Rawan Mazeh, ou la photographie messagère de mémoires silencieuses

À la galerie Artlab, à Beyrouth, la photographe expose un travail sensible, qui s’intéresse aux épisodes de guerre entre le Liban et

Israël, et leur lecture contemporaine.

L’atmosphère à la fois silencieuse et grave de l’exposition « In Their Place » de Rawan Mazeh.

La première image sur laquelle tombe le visiteur de la galerie Artlab, c’est celle de douilles d’obus jonchant le sol par dizaines. Puis le regard se lève et s’arrête sur l’image de la tétine d’un enfant tué à Cana en 2006. On entre alors dans l’atmosphère à la fois silencieuse et grave de l’exposition In Their Place.

Pensée par la photographe Rawan Mazeh, son leitmotiv est d’aller « au-delà » de l’image : témoigner d’une humanité et forcer la rencontre entre spectateur et sujet. Passionnée de photographie depuis son enfance, la jeune femme est diplômée de l’Université Notre-Dame (Beyrouth) en 2017. Elle présente son travail à la galerie d’art Artlab, après une participation remarquée au Byblos Bank Award 2017 (qualification parmi les dix finalistes) et une collaboration avec le Arab Documentary Program (http://arabdocphotography.org/project/in-their-place), qui lui alloue une bourse pour développer son projet.
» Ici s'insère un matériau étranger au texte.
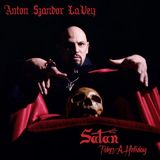 Sonic Rendezvous Cleopatra Anton LaVey - Satan Takes A Holiday (CD)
Cette série photo est le résultat d’un travail de longue haleine, qui se confond avec l’histoire de la jeune femme. Originaire du Liban-Sud, elle est à Beyrouth en 2006, lorsque la guerre éclate entre Israël et le Liban. Lorsqu’elle retourne dans la maison familiale, elle trouve des objets abandonnés par des personnes sans doute venues trouver refuge dans cet endroit miraculeusement épargné par les bombes. Elle décide de conserver ces objets et, 12 ans plus tard, les photos, traçant ainsi un sillon vers In Their Place, une série toujours en construction. La photographie documentaire se fait ici messagère de mémoires silencieuses et tente d’écrire l’histoire. Ce travail touche à la « réalité cachée » des épisodes de conflits entre le Liban et Israël. Il a pour vocation d’en restituer la dimension présente, bien que tue par les médias, et de rendre la parole aux oubliés. Rawan Mazeh montre les terres du Liban-Sud, encore minées de bombes en sommeil. Elle montre également les meurtrissures de civils dans leurs corps et leurs esprits.


(Lire aussi : « Nous voulons aider à développer une culture visuelle dans le monde arabe »)


« Avant et après »
Le montage de l’exposition n’accentue que davantage l’impact des clichés. Dans une première salle, sont exposés des « couples » de photographies dont l’une cache la seconde. Il s’agit de paysages représentés avant et après l’explosion des obus désamorcés par les volontaires de l’association Peace of Generations, suivis par Rawan Mazeh dans quinze de leurs opérations. On y voit l’omniprésence de la mort au détour d’un sentier et l’angoisse de poser ne serait-ce qu’un pied sur le sol. La seconde partie de l’exposition se tapit dans les tiroirs d’une commode noire. Cet arrangement singulier est une volonté de calquer le quotidien des personnes qui ont accepté de témoigner et d’être photographiées dans le cadre de ce projet. Des individus qui conservent les souvenirs dans leurs armoires, en sécurité. Rangées dans les tiroirs, une galerie de portraits des victimes des bombardements, mais aussi des reliques. Des objets du quotidien : brosse à dents, cartes de vœux, tétine. Les seuls souvenirs qui subsistent de proches. Aucune légende n’accompagne les visages, les courbes des objets. Encore moins de mention à une affiliation politique ou religieuse. Seule indication : des dictaphones disséminés au gré des tiroirs, racontant l’histoire de chacun. La photographe s’efface pour laisser la place à un processus d’assimilation des images qui sont vécues, et non plus simplement vues.

Premier travail d’une très grande force, In Their Place véhicule un sentiment d’universalisme et « d’humanité ». Avec douceur, simplicité, mais assurance aussi, Rawan Mazeh signe une œuvre engagée, mais pas politique, qui déconstruit le regard. Une exposition à vivre et penser pendant quelques jours encore.